(Work required)
Leave out the images and transcribe the entries below word for word.

(Exercise materials)

• • • • •

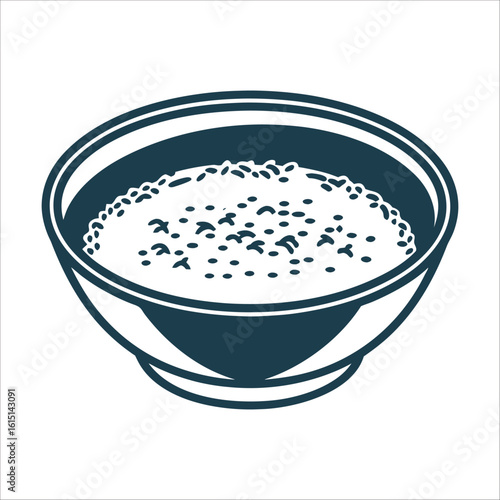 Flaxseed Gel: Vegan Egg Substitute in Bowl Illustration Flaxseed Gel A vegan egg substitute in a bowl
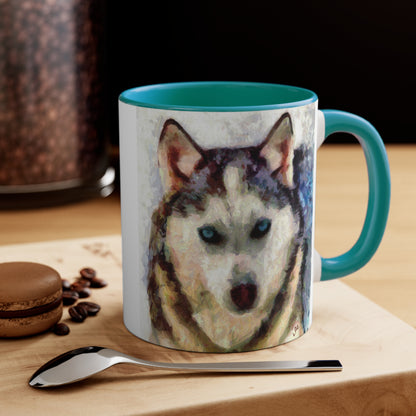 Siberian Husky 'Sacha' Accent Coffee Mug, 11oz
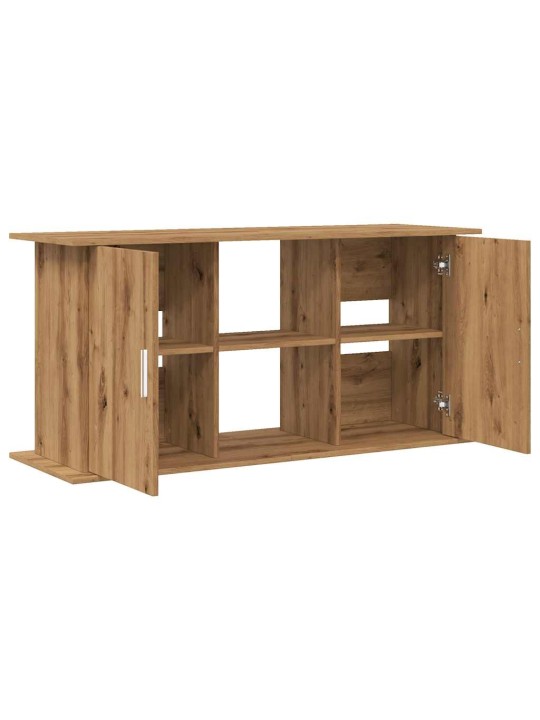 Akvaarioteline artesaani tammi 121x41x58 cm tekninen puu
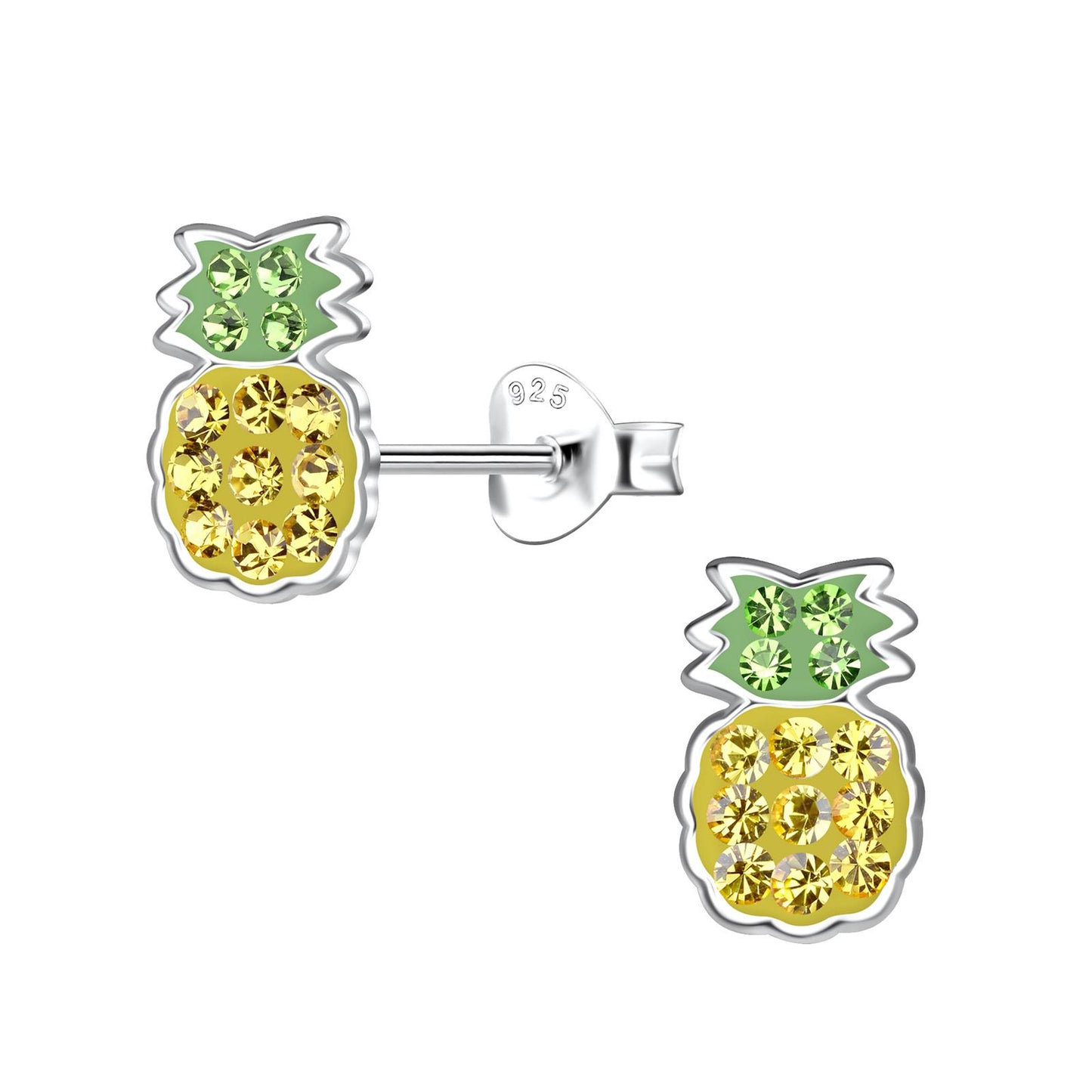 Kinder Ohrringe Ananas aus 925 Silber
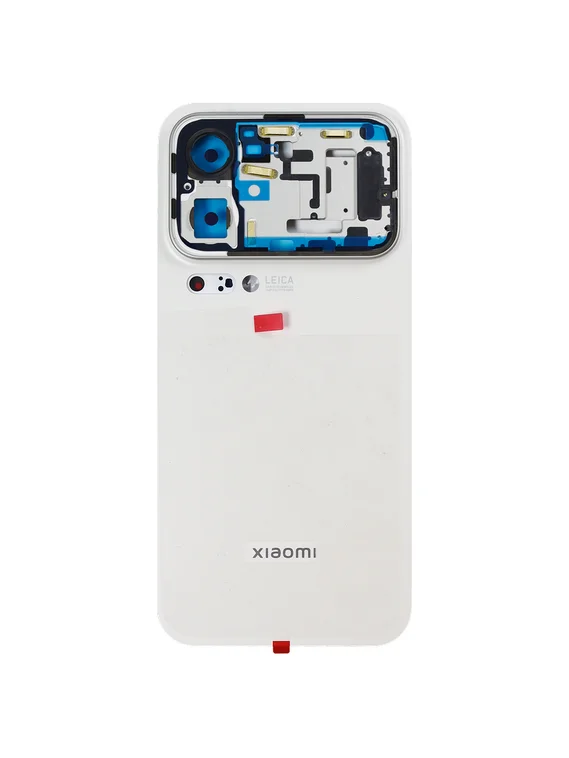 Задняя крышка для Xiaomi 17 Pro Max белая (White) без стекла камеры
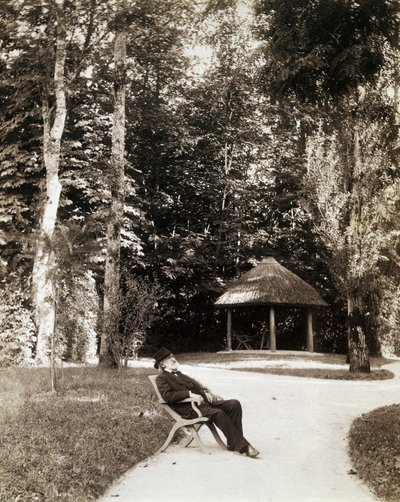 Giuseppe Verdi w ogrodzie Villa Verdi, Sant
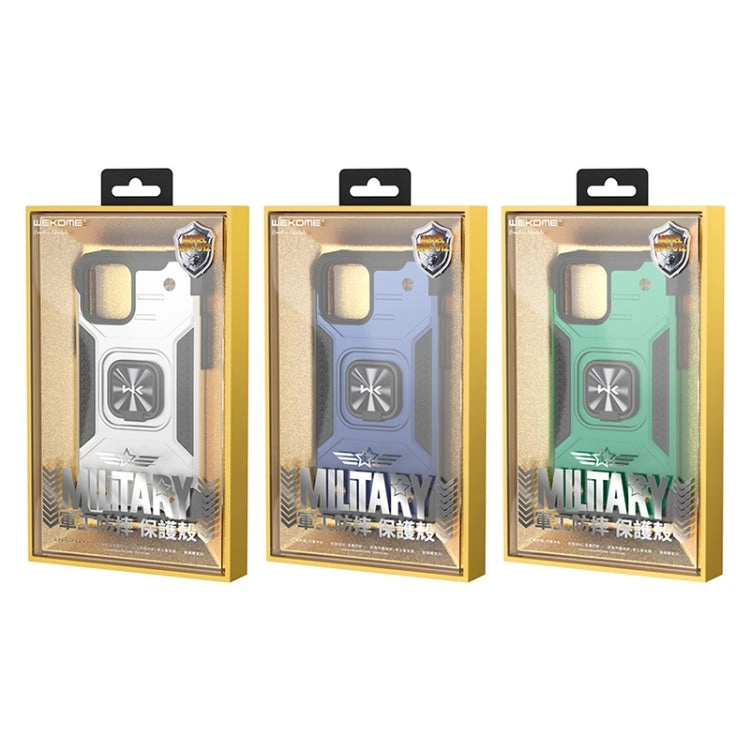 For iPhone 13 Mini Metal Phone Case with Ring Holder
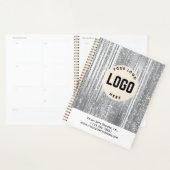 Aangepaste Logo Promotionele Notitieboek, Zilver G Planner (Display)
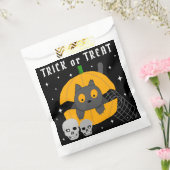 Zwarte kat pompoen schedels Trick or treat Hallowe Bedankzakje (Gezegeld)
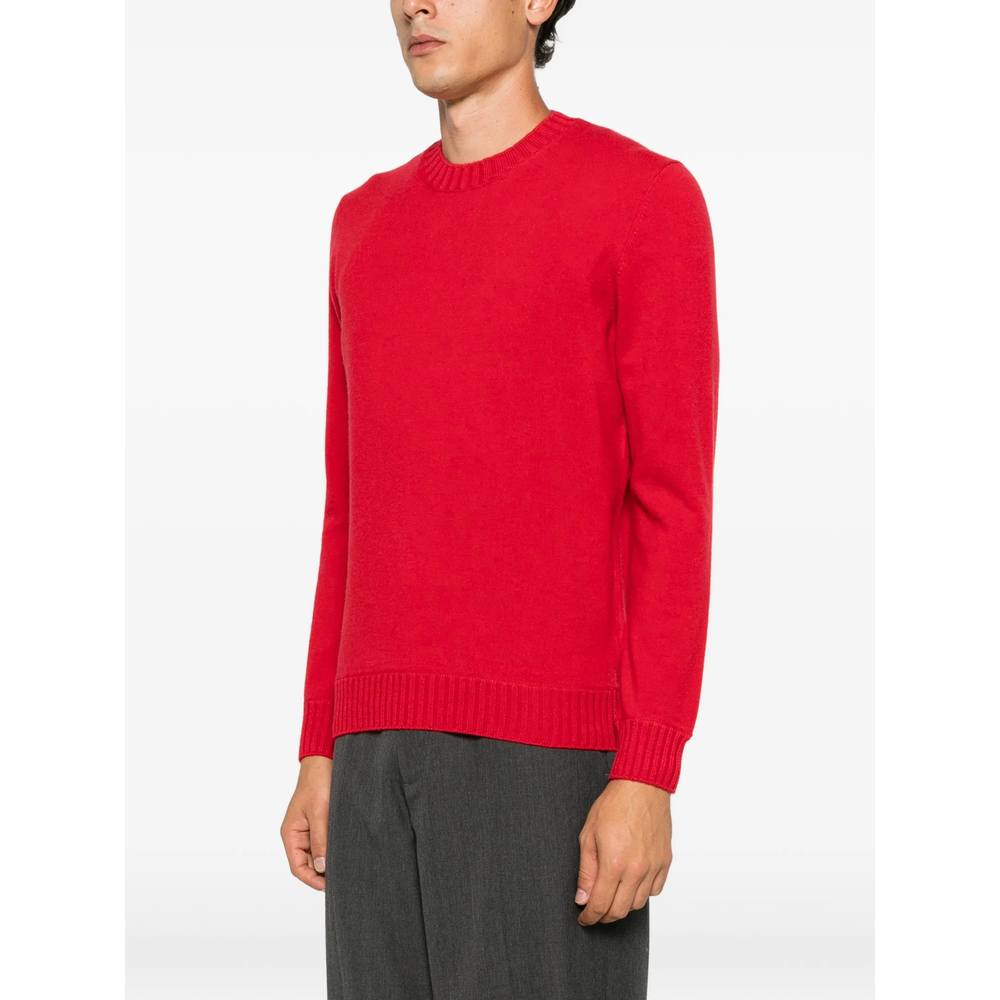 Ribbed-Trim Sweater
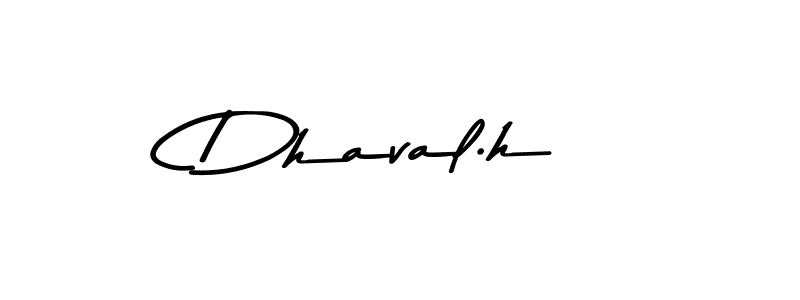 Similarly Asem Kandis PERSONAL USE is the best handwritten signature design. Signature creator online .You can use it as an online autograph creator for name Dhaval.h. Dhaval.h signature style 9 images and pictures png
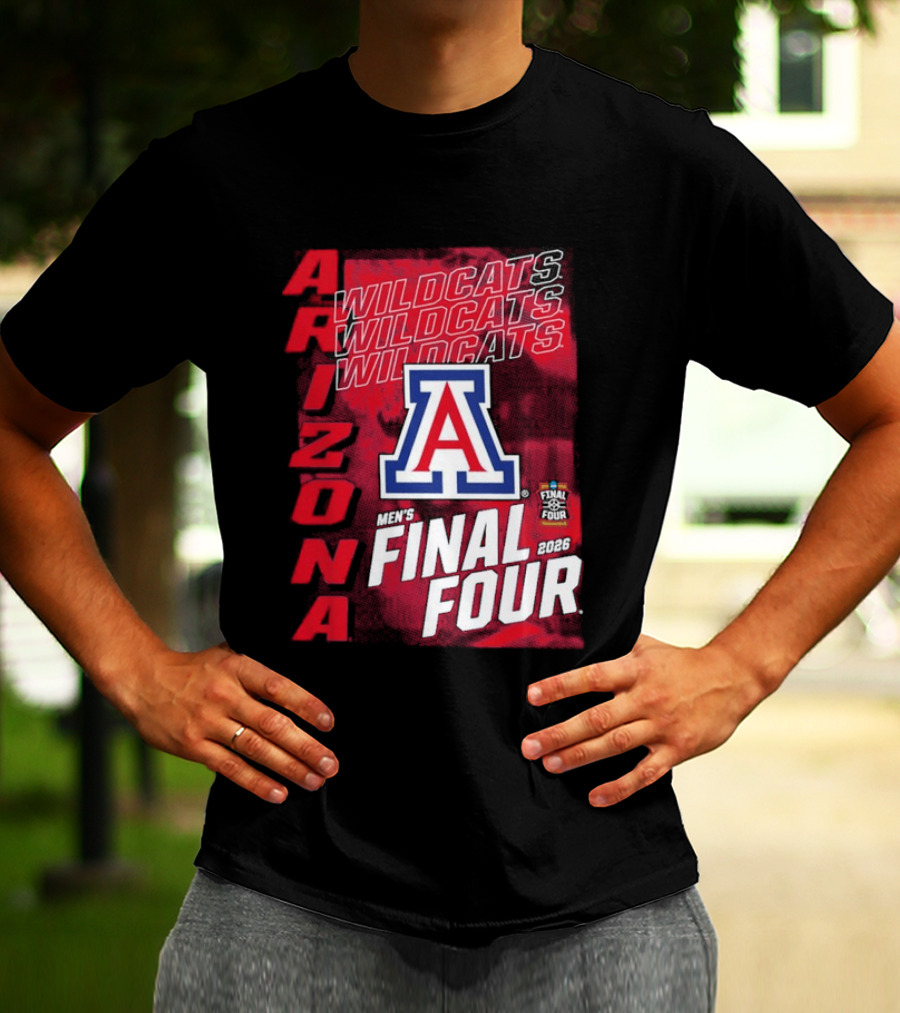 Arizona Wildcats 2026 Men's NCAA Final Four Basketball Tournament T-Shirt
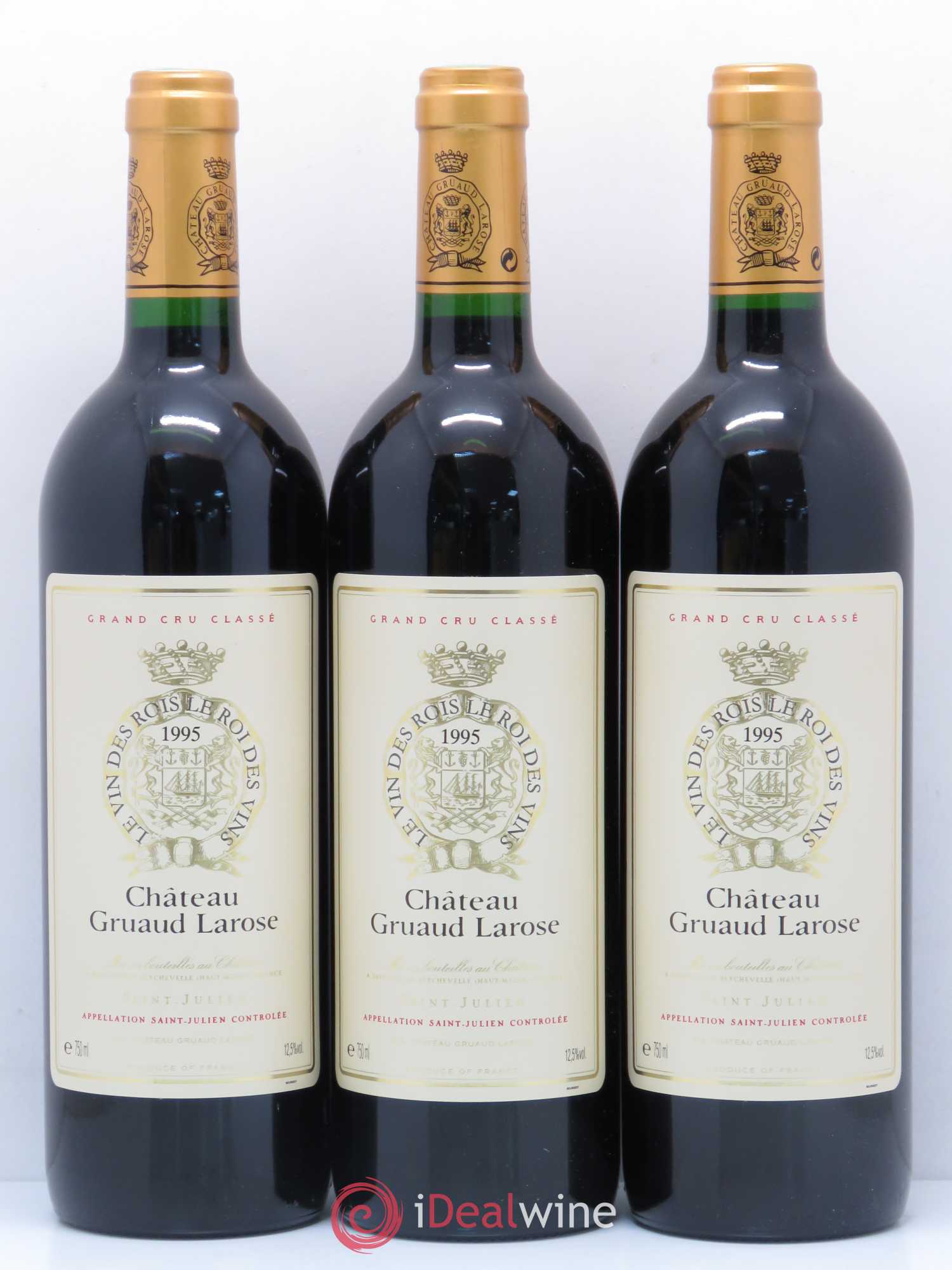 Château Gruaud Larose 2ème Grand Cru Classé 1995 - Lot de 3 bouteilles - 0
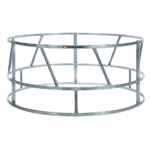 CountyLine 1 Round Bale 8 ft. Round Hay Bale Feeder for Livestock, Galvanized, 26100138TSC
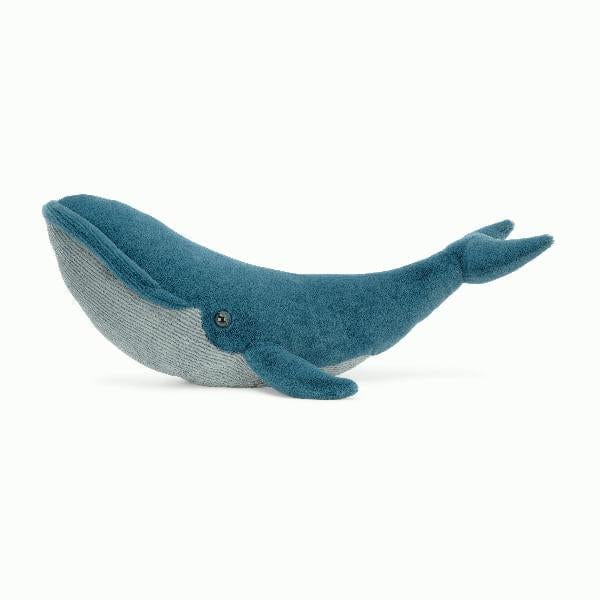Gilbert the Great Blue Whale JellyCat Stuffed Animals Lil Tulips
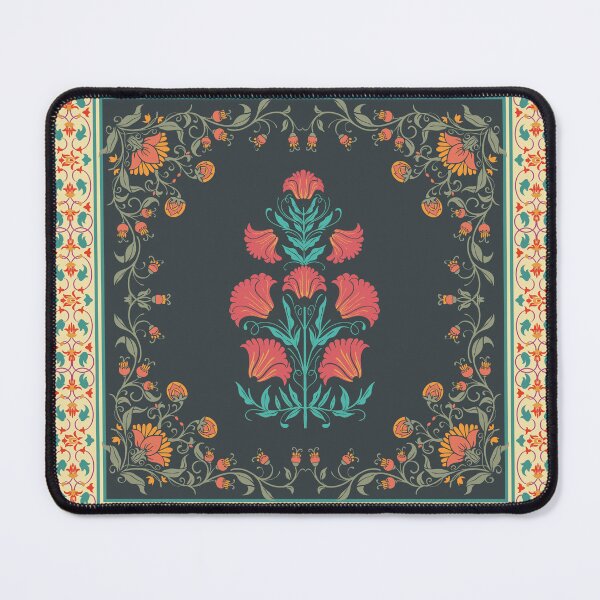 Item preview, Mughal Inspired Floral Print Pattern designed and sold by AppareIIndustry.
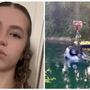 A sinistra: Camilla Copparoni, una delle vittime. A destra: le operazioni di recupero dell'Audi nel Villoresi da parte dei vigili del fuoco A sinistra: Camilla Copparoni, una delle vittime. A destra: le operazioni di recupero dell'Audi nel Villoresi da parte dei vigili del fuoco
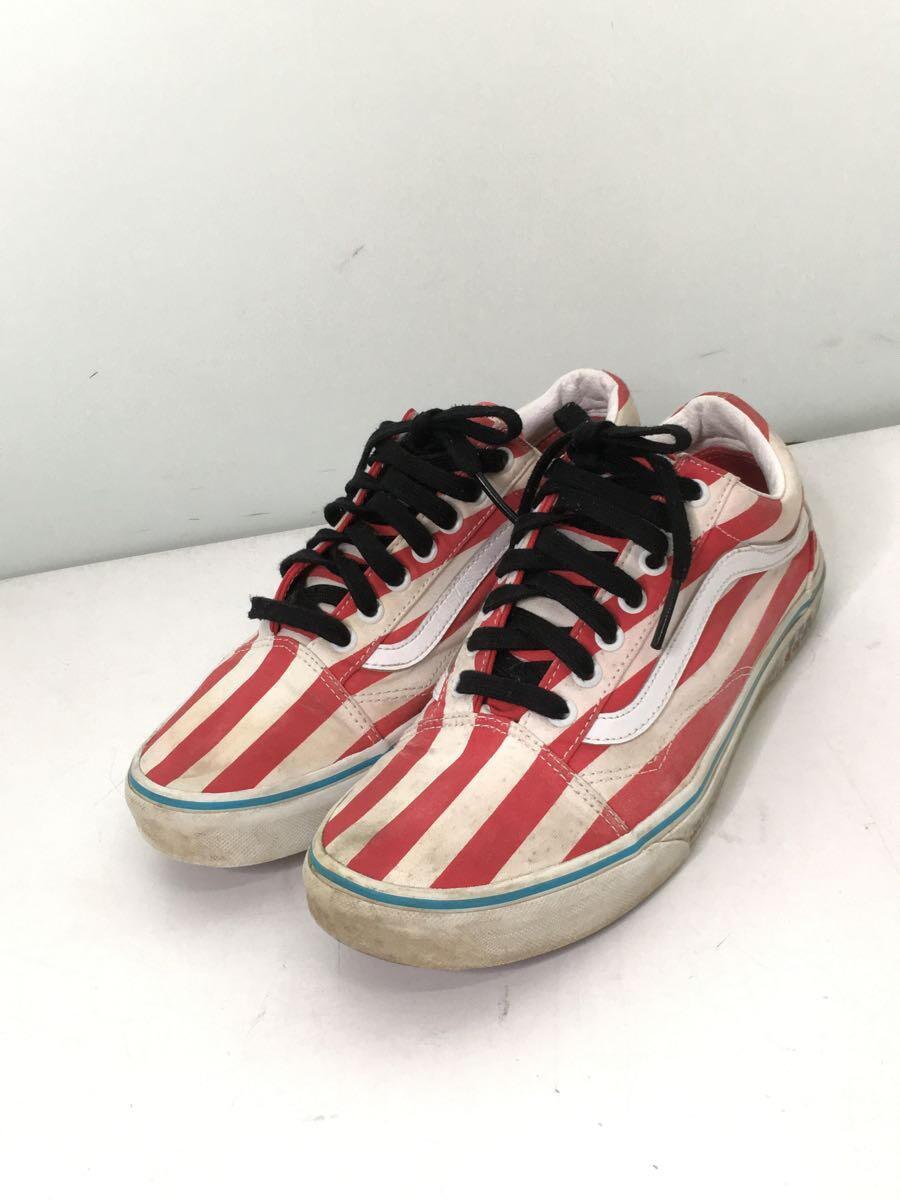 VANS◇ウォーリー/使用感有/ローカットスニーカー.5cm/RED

• • • • •

(Output for this task)
 Flaxseed Gel: Vegan Egg Substitute in Bowl Illustration Flaxseed Gel A vegan egg substitute in a bowl
 Siberian Husky 'Sacha' Accent Coffee Mug, 11oz
 Akvaarioteline artesaani tammi 121x41x58 cm tekninen puu
 Kinder Ohrringe Ananas aus 925 Silber
 Задняя крышка для Xiaomi 17 Pro Max белая (White) без стекла камеры
 Giuseppe Verdi w ogrodzie Villa Verdi, Sant
 For iPhone 13 Mini Metal Phone Case with Ring Holder
 Aangepaste Logo Promotionele Notitieboek, Zilver G Planner (Display)
 Zwarte kat pompoen schedels Trick or treat Hallowe Bedankzakje (Gezegeld)
 Ribbed-Trim Sweater
 Similarly Asem Kandis PERSONAL USE is the best handwritten signature design. Signature creator online .You can use it as an online autograph creator for name Dhaval.h. Dhaval.h signature style 9 images and pictures png
 Arizona Wildcats 2026 Men's NCAA Final Four Basketball Tournament T-Shirt
 Château Gruaud Larose 2ème Grand Cru Classé 1995 - Lot de 3 bouteilles - 0
 CountyLine 1 Round Bale 8 ft. Round Hay Bale Feeder for Livestock, Galvanized, 26100138TSC
Gilbert the Great Blue Whale JellyCat Stuffed Animals Lil Tulips
 Item preview, Mughal Inspired Floral Print Pattern designed and sold by AppareIIndustry.
 A sinistra: Camilla Copparoni, una delle vittime. A destra: le operazioni di recupero dell'Audi nel Villoresi da parte dei vigili del fuoco A sinistra: Camilla Copparoni, una delle vittime. A destra: le operazioni di recupero dell'Audi nel Villoresi da parte dei vigili del fuoco
 VANS◇ウォーリー/使用感有/ローカットスニーカー.5cm/RED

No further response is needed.